Herstellerrabatt trägt bei PKV Früchte in Millionenhöhe

29.06.2011,

Seit Beginn dieses Jahres profitieren neben den gesetzlichen Krankenkassen, auch die privaten Kassen von den gesetzlichen Herstellerrabatten, die ihnen vorher nicht zustanden. Wie eine Prognose des Wissenschaftlichen Instituts der PKV nun zeigte, können die privaten Kassen daraus folgend im Jahr 2011 mit einer Einsparung von etwa 161 Millionen Euro rechnen. In der PKV könnte damit die Arzneimittelausgabe pro Verordnung um 6,9 Prozent gesenkt werden. Bei den Beihilfeträgern sind zudem Einsparungen in ähnlicher Hohe möglich.

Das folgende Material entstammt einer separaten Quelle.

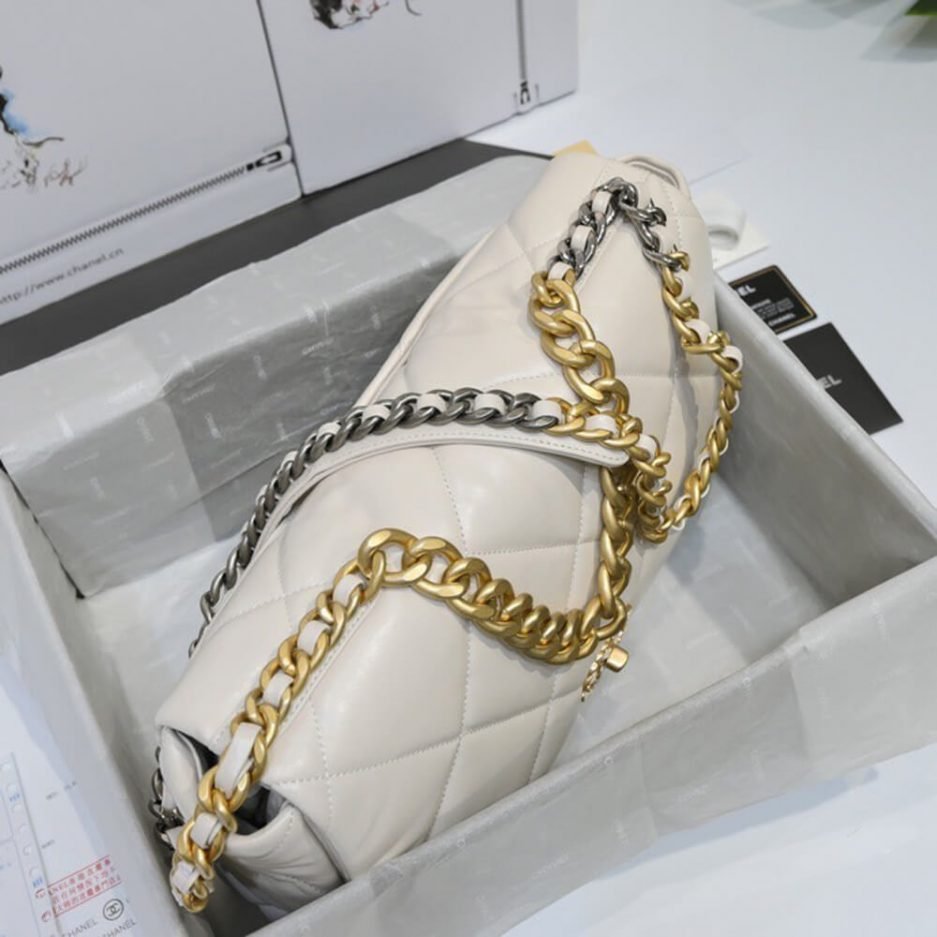 CHANEL 19 MAXI HANDBAG - Image 6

Die Preise, die gesetzliche und private Versicherte, für Arzneimittel zahlen müssen, können so zukünftig näher zusammenrücken. Die Differenz zwischen einer Verordnung der PKV- und einer der GKV wird dabei jedoch im laufenden Jahr immer noch 7,7 Prozent betragen. Im Vergleich zum Jahr 2009, in welchem die Differenz noch 10,2 Prozent betrug, ist jedoch bereits eine Tendenz zur Angleichung erkennbar. Die zusätzlichen Kosten für PKV- Versicherte resultieren unter anderem daraus, dass der Kassenabschlag der Apotheken nur den gesetzlichen Kassen gewährt wird. Zudem haben die Rabattverträge der GKV eine ganz andere Relevanz, wie die der PKV. Während die Apotheken bei Rabattverträge der GKV gesetzlich zu einer Abgabe dieser Arzneimittel verpflichtet sind, gibt es bei den Rabattverträge der PKV keine vergleichbare Festlegung. Versicherte einer gesetzlichen Versicherung werden somit auch zukünftig im Bereich der Arzneimittel einen klaren Kostenvorteil haben.